Using pointers: the null pointerNIL
, usually used to represent the nonrecursive case.
IF theTree = NIL THEN (* Handle the empty tree case. *) ELSE (* Handle the nonempty case. *)
Accessing the components of the recursive subdomain uses cartesian product facilities (e.g., record access aTree.left
).
- Construction:
- Using pointers: space for a tree node must be dynamically allocated and filled in. Third generation languages: sequential allocation and construction, e.g., Pascal:
NEW(theTree); WITH theTree^ DO BEGIN value := 6; left := subtree1; right := subtree2 END
Simultaneous allocation and construction (Modula-3):
theTree := NEW(IntTree, value := 6, left := subtree1, right := subtree2)
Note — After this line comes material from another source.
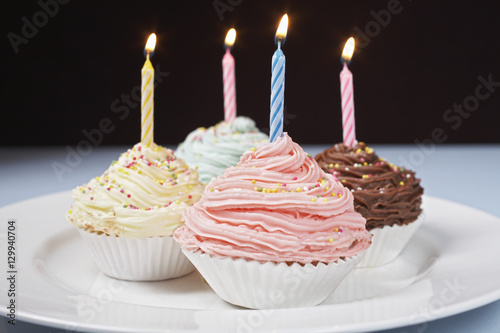 Four cupcakes with lighted candles on plate isolated over black background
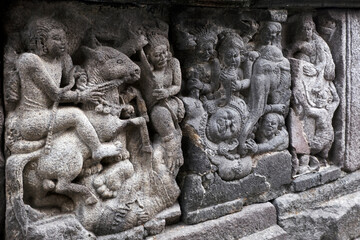 Carving Relief In Prambanan Temple. The temple is adorned with panels of narrative bas-reliefs telling the story of the Hindu epic Ramayana and Bhagavata Purana.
Parallel construction and implicit allocation (Miranda):
theTree = NonEmptyTree 6 subtree1 subtree2
- Recursive types in Haskell and other functional languages are naturally implemented using Algebraic Data Types.
Finite Mappings (Arrays)
- Mathematical model:
- Mappings (functions) specifying objects in some range domain R for each value in some finite index domain I. Denoted \(I \rightarrow R\).
- Definition:
- e.g., Modula-3 arrays.
VAR x : ARRAY [1..3, 'a'..'c'] OF REAL;
or, equivalently,
VAR x : ARRAY [1..3] OF ARRAY ['a'..'c'] OF REAL;
defines a mapping from the domain {1,2,3} to the domain of mappings from {'a'
, 'b'
, 'c'
} to reals.
- Access:
- index notation.
- an individual element:
x[i,ch]
- a row:
x[i]
- a slice:
Y[12..19]
an 8-element subarray ofY
(Ada)
- Sequential construction:
- index notation in assignment.
FOR i := 1 TO 3 DO FOR ch := 'a' TO 'c' DO x[i,ch] := ...
- Simultaneous construction:
- (Modula-3)
x[1] := ARRAY ['a'..'c'] OF REAL{1.2, 1.7, 0.3}
General Function Types
- Mathematical model:
- Mappings (functions) specifying values in some range domain R for each value in some (arbitrary) input domain I. Denoted \(I \rightarrow R\).
Fully general function types are generally only supported in pure functional languages such as Haskell.
Functional languages have many elegant ways of constructing new functions in terms of other functions and values.
- Operator sections.
- lambda expressions for anonymous functions
- functionals
Powersets (Set Types)
- Mathematical model:
- Objects are sets of elements of a given base type.
The domain is the set of all sets of the base type, called the powerset of the base type. - Definition:
- e.g., Modula-2.
VAR digits, alphabet, alphanumerics : SET OF CHAR;
N.B. SET
types are very restricted in Pascal/Modula; the only allowable base types are simple discrete types (enumerations and subranges).
- Construction:
- set notation:
digits := ['0', '1', '2', '3', '4', '5', '6', '7', '8', '9']; alphabet := ['A'..'Z', 'a'..'z'];
- set union
alphanumerics := digits + alphanumerics
- set intersection:
*
operator in Modula, Pascal
- Access:
- set membership.
CharRead IN digits
- subset test.
OptionSet < AllowableOptions
- Restrictions
- SETs in Pascal/Modula languages are restricted to small discrete types that conveniently be implemented using a bitset representation.